Let's first ignore the term 2x4 and focus on the equation x1 + x2 + x3 + x5 = 68. This is a standard equation that can be solved using stars and bars.
To illustrate this technique, imagine having 68 stars (representing the sum of the variables) and four bars (representing the four variables x1, x2, x3, x5). We need to distribute the stars between these four bars in order to find the solutions.
Now, let's determine the number of ways to arrange these 68 stars and four bars. Each arrangement represents a unique solution to the equation.
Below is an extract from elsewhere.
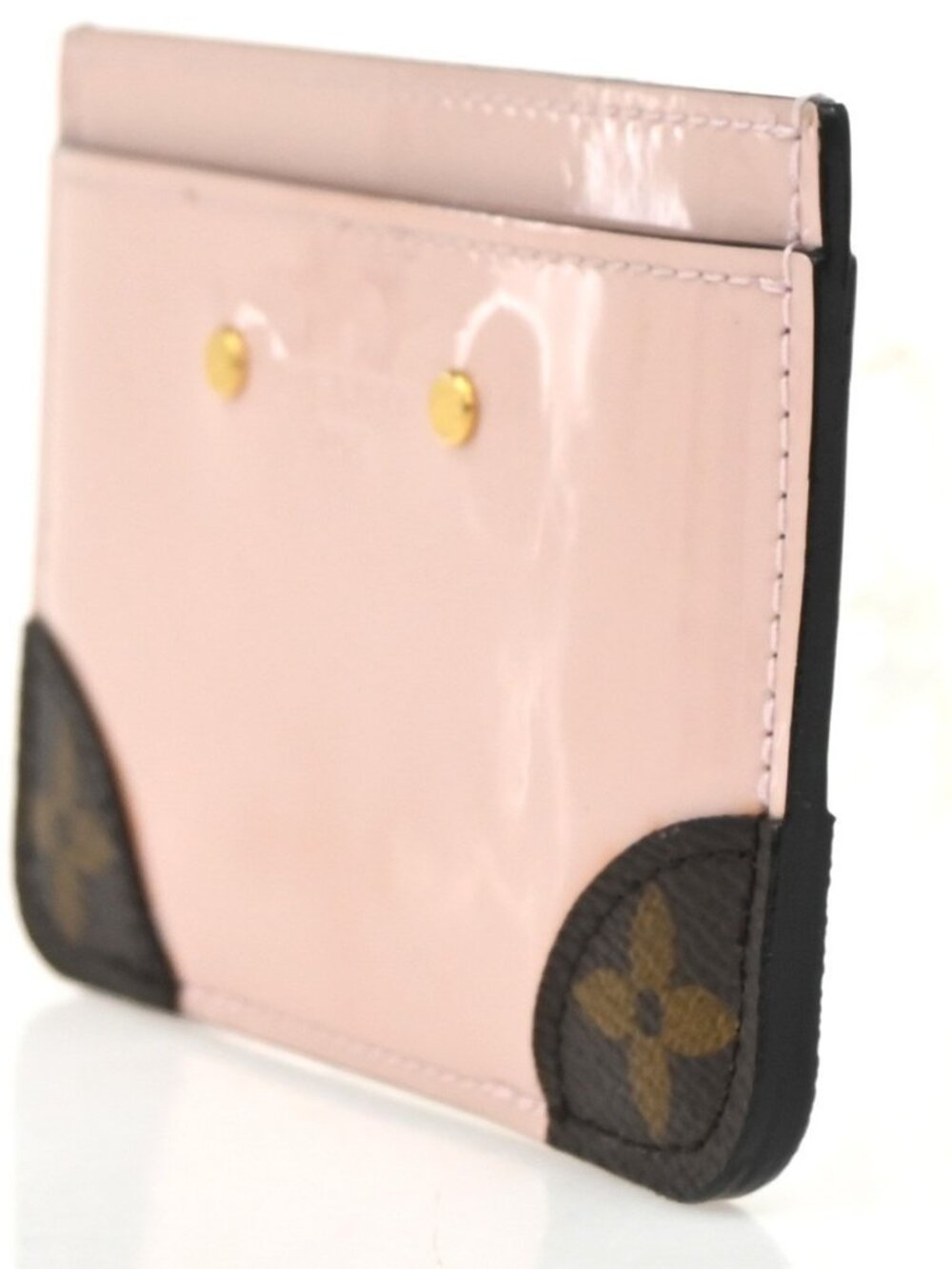 LOUIS VUITTON Porte Cartes Simple Card Case Monogram Vernis PK M63855 36RL961 - Picture 2 of 11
To find the number of arrangements, we can think of it as a permutation problem. We have a total of 72 objects (68 stars and 4 bars), and we need to arrange them. The number of arrangements can be calculated using the formula for permutations with repeated elements:
N = (n + r - 1)C(r - 1),
where N is the number of arrangements, n is the total number of objects (stars + bars), and r is the number of distinct objects (here, the number of bars).
Substituting the values, we get:
N = (68 + 4 - 1)C(4 - 1),
N = 71C3.
Now, let's consider the term 2x4. Since 2x4 must be even, it can take only even values. We can divide the equation into two cases: when 2x4 = 0 and when 2x4 = 2.
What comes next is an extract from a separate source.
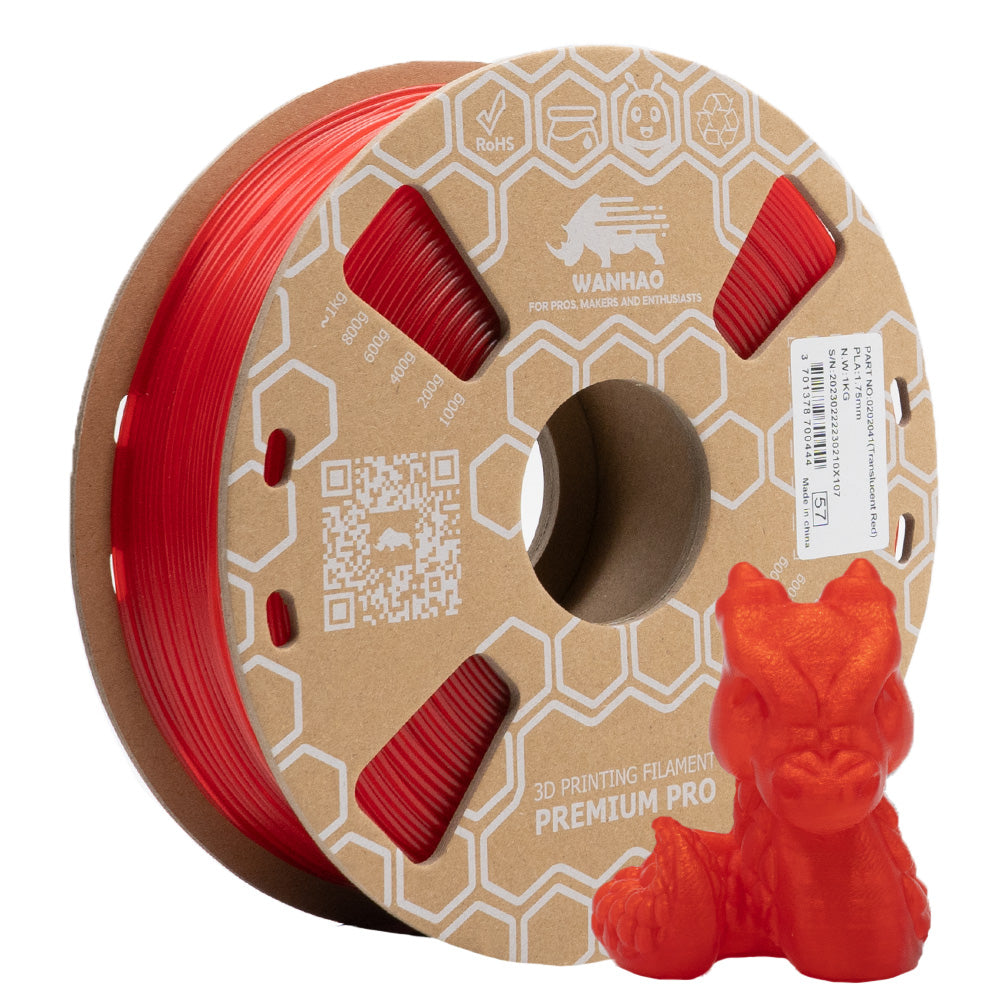 PLA HYPER YUMI Transparent Rouge Premium 1Kg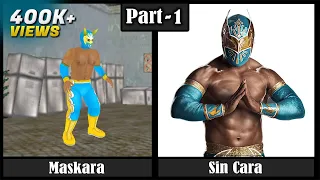 Real Life of WR3D Characters | Part-1 | 30 Characters | Real Names | Wrestling Revolution 3D | AWE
Case 1: When 2x4 = 0, we consider it as a separate variable. So the equation becomes:
x1 + x2 + x3 + x5 + 0 = 68,
x1 + x2 + x3 + x5 = 68,
which we have already solved using stars and bars.
Case 2: When 2x4 = 2, we divide both sides of the equation by 2 to get:
x1 + x2 + x3 + x5 + 1 = 68/2,
x1 + x2 + x3 + x5 = 34.
Again, we can solve this using stars and bars.
By calculating the number of arrangements in Case 1 and Case 2 separately and summing them up, we can find the total number of integer solutions for x1 + x2 + x3 + 2x4 + x5 = 68.
In summary, to find the number of integer solutions for x1 + x2 + x3 + 2x4 + x5 = 68, you need to use the stars and bars technique for cases 2x4 = 0 and 2x4 = 2 separately and then add the number of arrangements from both cases.